Dieser Beitrag ist unter dem Titel „HOAI 202X“ im Deutschen Architektenblatt 07.2022 erschienen.
Von Ronny Herholz, Volker Schnepel und Martin Falenski
Seit der letzten HOAI-Novelle 2013 sind nahezu zehn Jahre vergangen. Die HOAI 2021 stellte im Wesentlichen nur eine Anpassung an das Urteil des EuGH vom 4. Juli 2019 dar, mit dem die Verbindlichkeit der Mindest- und Höchstsätze abgeschafft wurde. Eine zeitgemäße Honorarordnung muss Themen wie Digitalisierung und Nachhaltigkeit berücksichtigen. Daher ist eine inhaltliche Überarbeitung der Vorschriften notwendig, gleichwohl keine Selbstverständlichkeit. Dank des Einsatzes der Planerorganisationen, nicht zuletzt dem gemeinsamen Auftreten von AHO, BAK und BIngK, ist es aber gelungen, die Politik davon zu überzeugen, eine Novellierung der HOAI in den Koalitionsvertrag aufzunehmen.

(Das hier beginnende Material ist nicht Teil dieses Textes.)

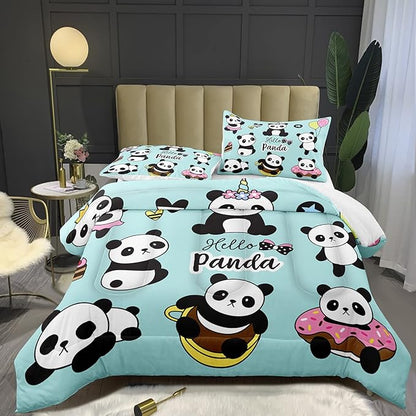Bodhi Cartoon Cute Panda Comforter Set King for Boys Kids Girls Teens Soft Microfiber Animal Theme Panda Bedding Set King Size 3D Panda Comforter Set 1 Comforter+2 Pillow Shams #4007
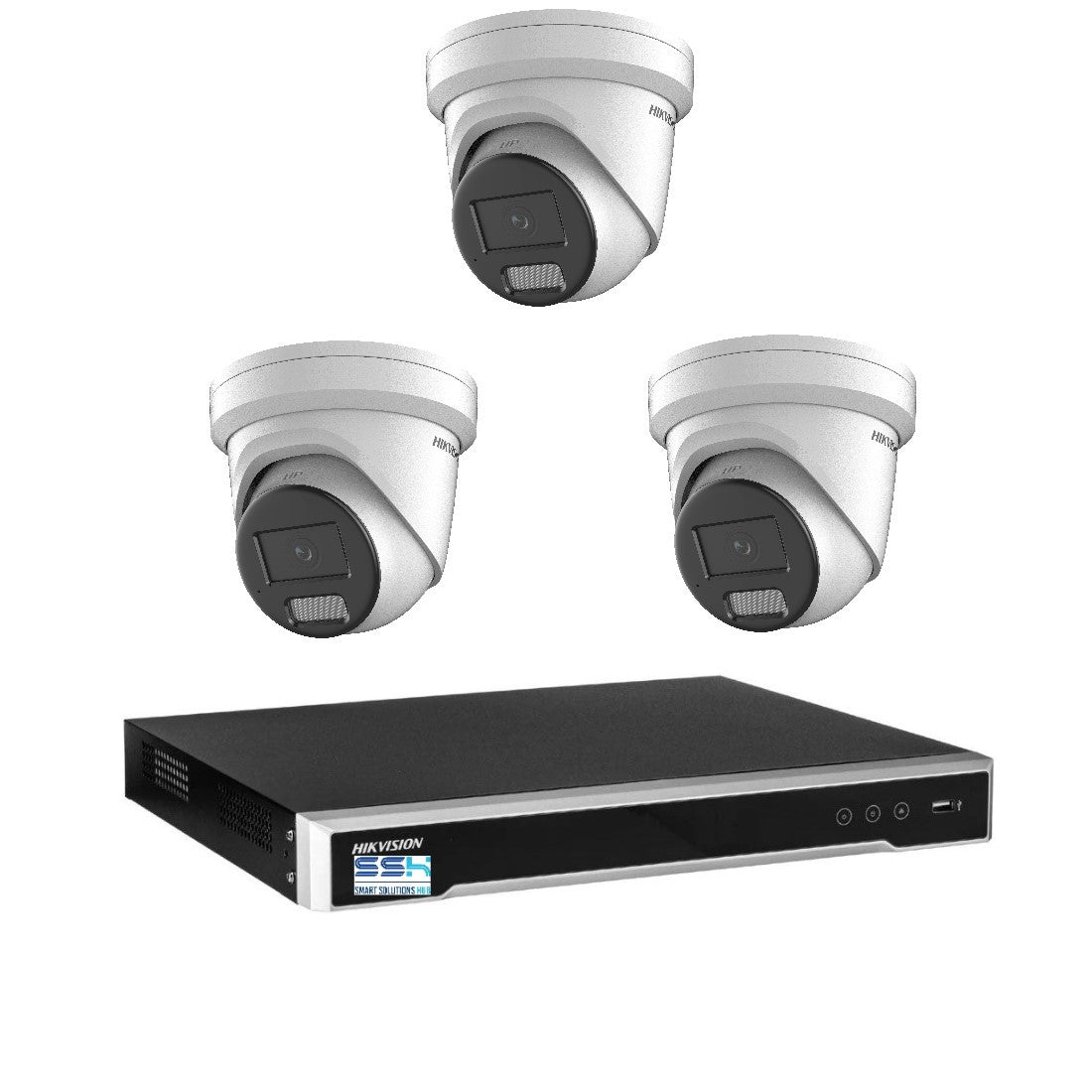 Hikvision 6MP AcuSense 4CH CCTV kit 3 Network Turret Camera+4CH NVR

Bei dem anstehenden Diskussionsprozess mit den zuständigen Bundesministerien, den Bundesländern, den kommunalen Spitzenverbänden und weiteren Akteuren ist es von zentraler Bedeutung, dass der Berufsstand geschlossen auftritt. Zu diesem Zweck haben etwa 200 Vertreterinnen und Vertreter aller Planerorganisationen seit Juni 2021 intensiv an Vorschlägen für eine novellierte HOAI gearbeitet.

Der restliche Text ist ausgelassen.